**WORK TO BE COMPLETED:** Copy the lines below exactly, starting at the one with "Orange Round Sofa" and ending at the one with "Creativo perezoso soporte", and leave out any picture.

═══

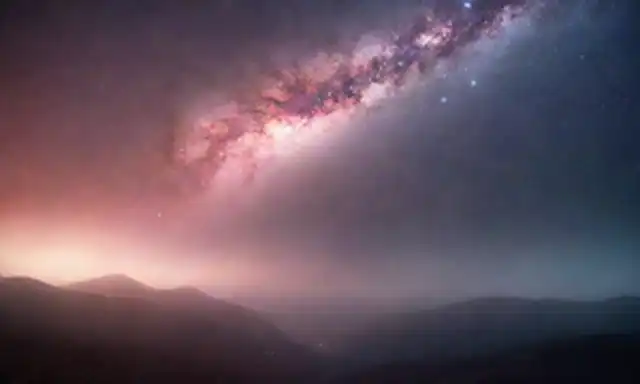 Un paisaje cósmico con nubes giratorias, una galaxia en la distancia, un brillo sutil, formas abstractas, luces misteriosas, niebla etérrea, colores vibrantes, atmósfera surrealista
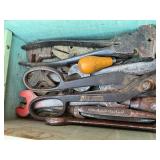 Green Wood Tool Chest with Assorted Vintage Tools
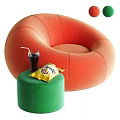 Orange Round Sofa and Green Coffee Table Set with Drink Straw and Snack Packet 3d model
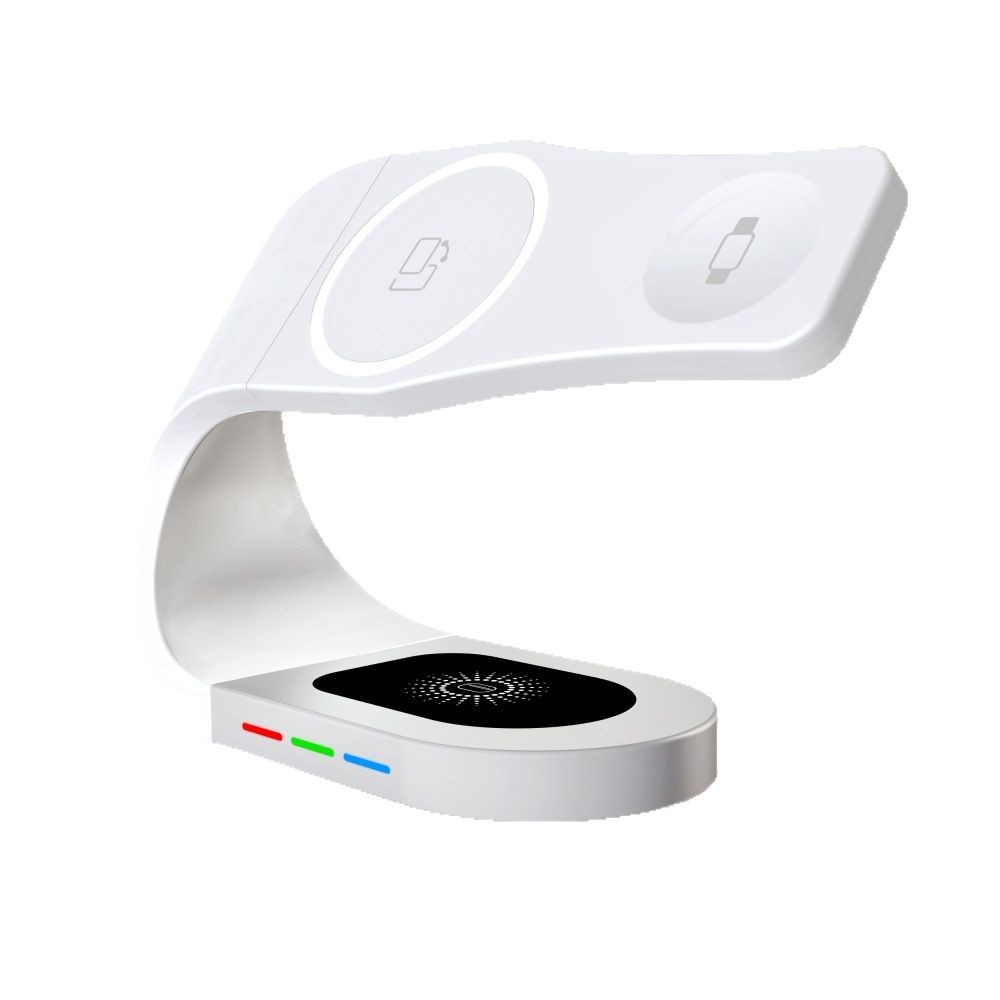 Creativo perezoso soporte magnético luz ambiental cargador inalámbrico tres en uno reloj auricular teléfono móvil cargador de carga rápida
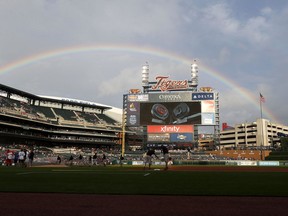 A rainbow is shown over Comerica Park before a baseball game between the Detroit Tigers and Chicago Cubs in Detroit, Tuesday, Aug. 21, 2018.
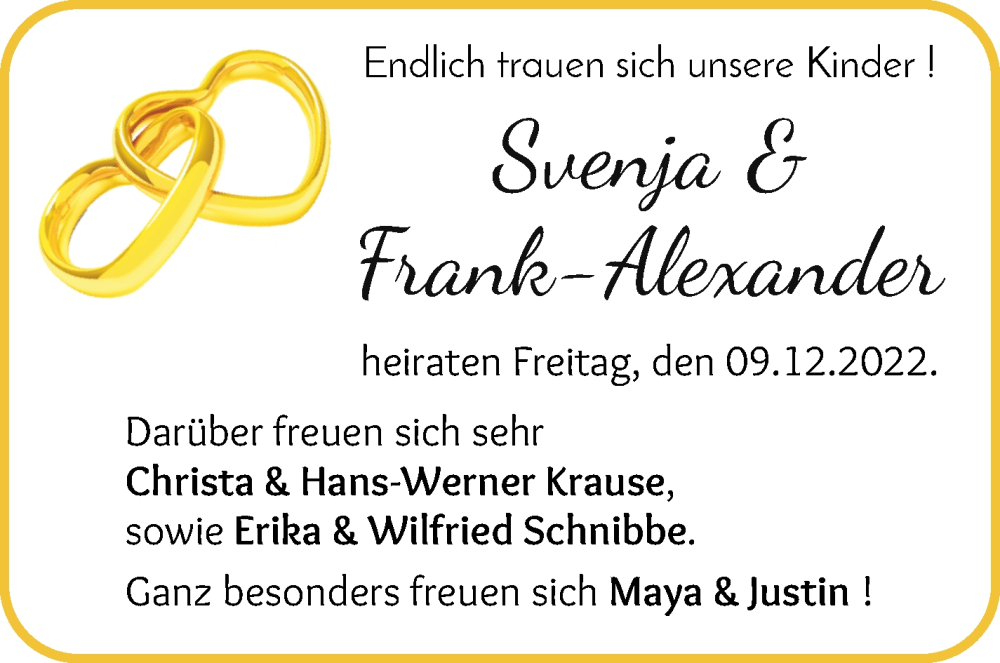 Hochzeitsanzeige von Svenja  von Osterholzer Kreisblatt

═══

**EXERCISE RESULT:**
 Orange Round Sofa and Green Coffee Table Set with Drink Straw and Snack Packet 3d model
 Creativo perezoso soporte magnético luz ambiental cargador inalámbrico tres en uno reloj auricular teléfono móvil cargador de carga rápida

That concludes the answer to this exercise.